Arley Hall, the same family have resided in a property on this site since 1469

Rain still visible in the Flag Garden, you find yourself stumbling upon these delightful little garden spaces as you meander about the place

The curious crimson blooms of Ribes speciosum

Topiary entrance to the Herbaceous Border, and the thick clouds that passed overhead all day

Exochorda x macrantha ‘The Bride’

Detail of these charming flowers

Playful and fascinating, those huge yew buttresses are a joy!

Grand proportions and incredible structure, all that is lacking are the flowers! (please see below)

Two Magnolia trees form an arch leading to the Ilex Avenue. Oh dear, somebody’s left the mower out!

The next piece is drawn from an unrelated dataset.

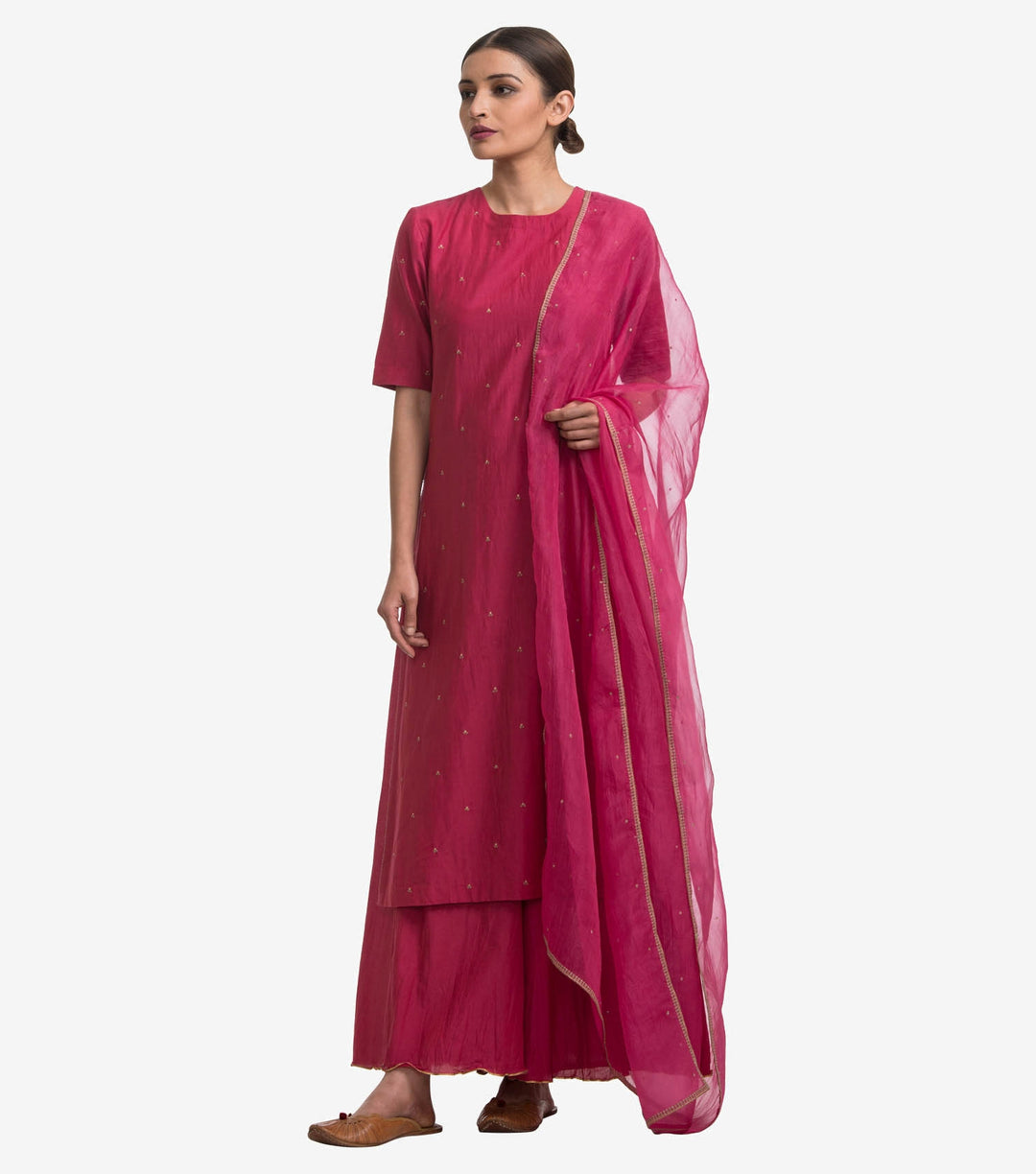 Hot Pink Embroidered Chanderi Kurta & Gharara with Dupatta Set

Clipped columns of Quercus ilex create this imposing scene

Sambucus racemosa 'Sutherland  Gold', we were so desperate to discover the name of this great beauty we hounded some poor chap passing by in a boiler suit! Alas, he did not know, or was perhaps too startled to tell us

Staphylea pinnata, the exciting seed pods of S. colchica posted recently here

A full glimpse of the Staphylea!

In the Kitchen Garden, tulip displays provide some early colour

An August view of the Herbaceous Border I took several summers ago

Sunday, 15 April 2012

Royal Botanic Gardens Kew

During a recent jaunt to London I was able to spend some time poking around Kew Gardens, the marvellous botanical garden that houses a breathtaking collection of plants from across the globe! I completed a placement here in my first year of the Careership (pre-blog), and consider it to be a truly wonderful place; something of a haven amongst the smog and litter of our bustling capital. Unfortunately, due to terrible planning and foresight, my camera battery bid me adieu rather early on during the visit! This led to selective photography, firing the blasted thing up with fingers crossed when I stumbled upon something interesting. What larks!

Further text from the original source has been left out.